Le porte-parole a soutenu qu'un blocus total imposé à l'Iran était impossible, s'appuyant sur sa situation géographique, l'étendue de ses frontières et la diversité de ses voies commerciales et de transport.
« Une nation ayant 15 pays voisins, toutes ces frontières communes, la mer Caspienne, profitant de dizaines et centaines de marchés frontaliers, et disposant de multiples voies de transport aérien, ne peut pas être soumise à un blocus absolu », a-t-il affirmé.
Il a prétendu que la capacité des Iraniens à résister serait supérieure aux effets du blocus, déclarant : « Sans aucun doute, la capacité de notre peuple à résister sera plus grande que cela, et nous dépasserons inévitablement cette menace répétée ».
Ces déclarations interviennent alors que le blocus américain imposé aux ports sud de l'Iran se poursuit. La commandement central américain a annoncé le début de l'application du blocus le 13 avril 2026, avant qu'il ne soit suspendu le 18 juin, puis Washington a annoncé sa reprise à compter du 14 juillet.
La commandement central a indiqué que ses forces avaient redirigé plus de 140 navires durant la première phase du blocus, immobilisé neuf navires qu'elle jugeait non conformes au blocus, tout en autorisant plus de 50 navires commerciaux liés à l'aide humanitaire à passer.

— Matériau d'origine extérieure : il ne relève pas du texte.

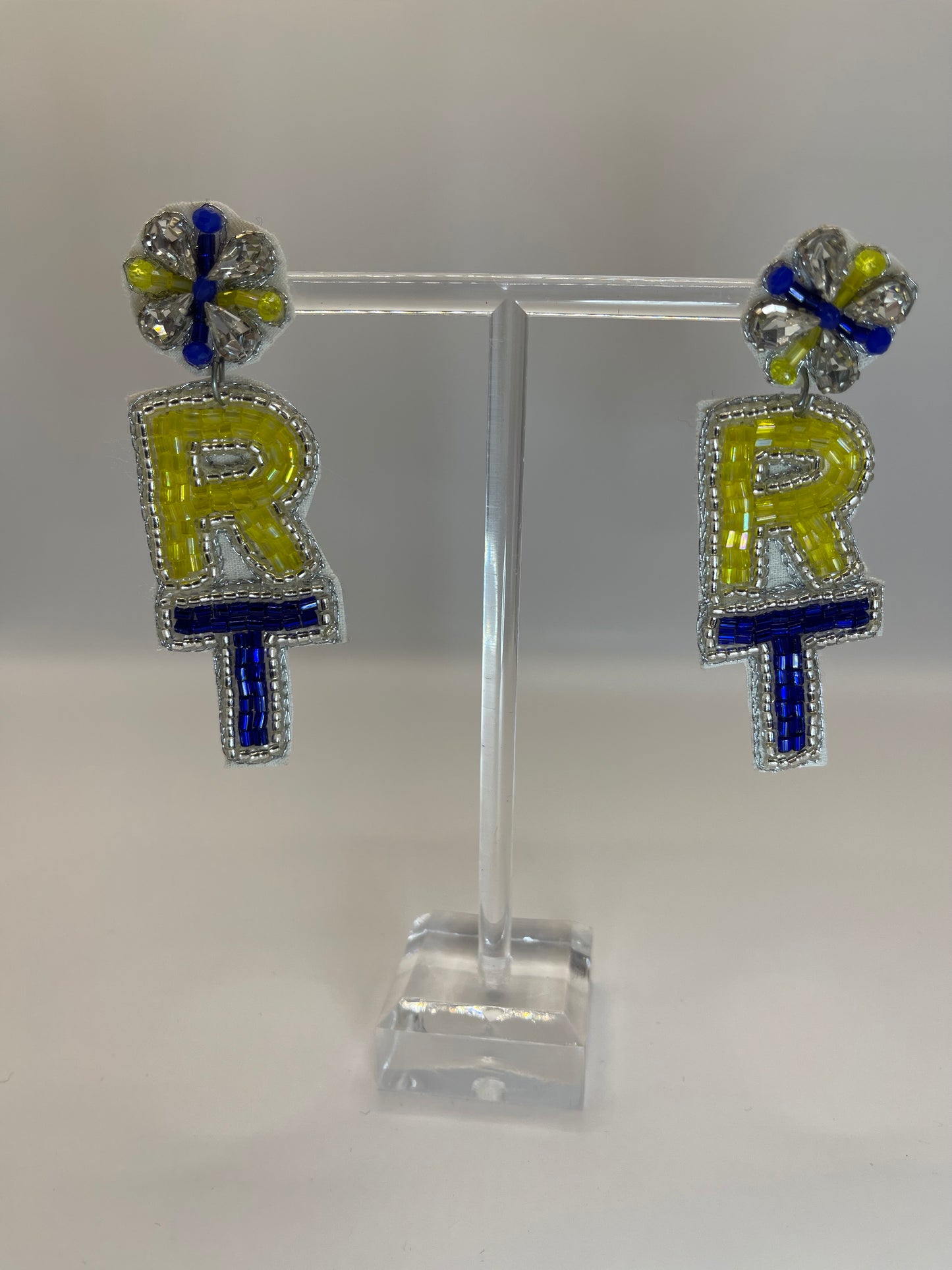 RT - Respiratory Therapist or Radiology Tech Beaded Earrings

Parallèlement aux pressions militaires et maritimes, Washington a intensifié ses sanctions économiques contre l'Iran. Le 24 août 2026, le secrétaire au Trésor américain Scott Bessent a lancé une campagne baptisée « Opération Exclusion économique » (Operation Economic Outcast), visant à couper les artères financières et économiques de l'Iran dans le monde entier.
Il a averti les pays qui continuent à commercer avec l'Iran qu'ils pourraient faire face à des sanctions américaines secondaires, les appelant à rompre leurs relations financières et commerciales avec Téhéran. Il a précisé que les États-Unis avaient informé les pays concernés que leur maintien des échanges avec l'Iran pourrait les rendre vulnérables aux mesures du Trésor américain.

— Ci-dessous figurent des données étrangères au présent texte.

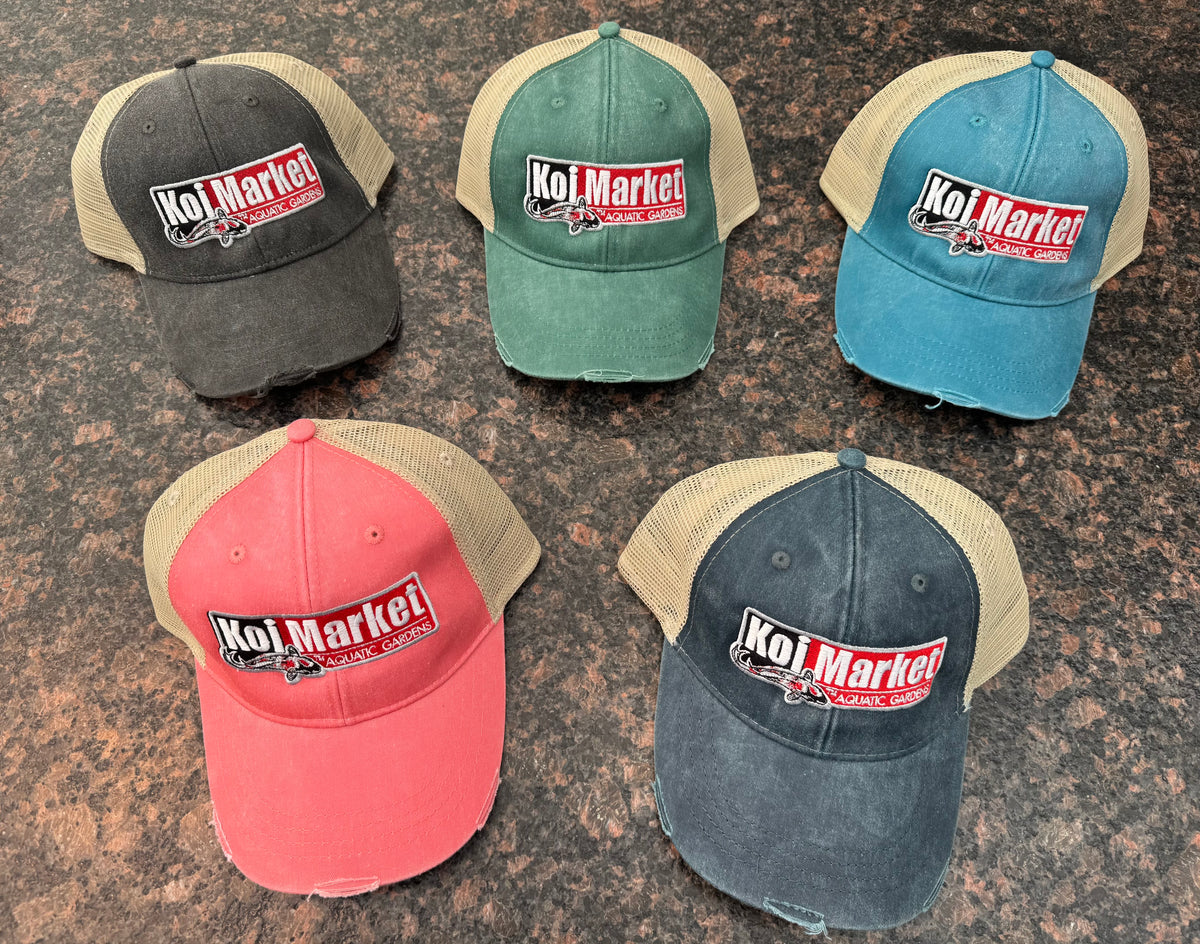 Koi Market Hats (Distressed Ollie Cap)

Ces mesures font partie d'une stratégie américaine visant à resserrer la capacité de l'Iran à exporter du pétrole, à obtenir des devises étrangères et à accéder au système financier mondial, en parallèle du blocus maritime, plaçant ainsi l'économie iranienne sous une pression croissante et rendant la capacité de Téhéran à préserver ses canaux commerciaux extérieurs l'un des principaux axes de confrontation actuelle.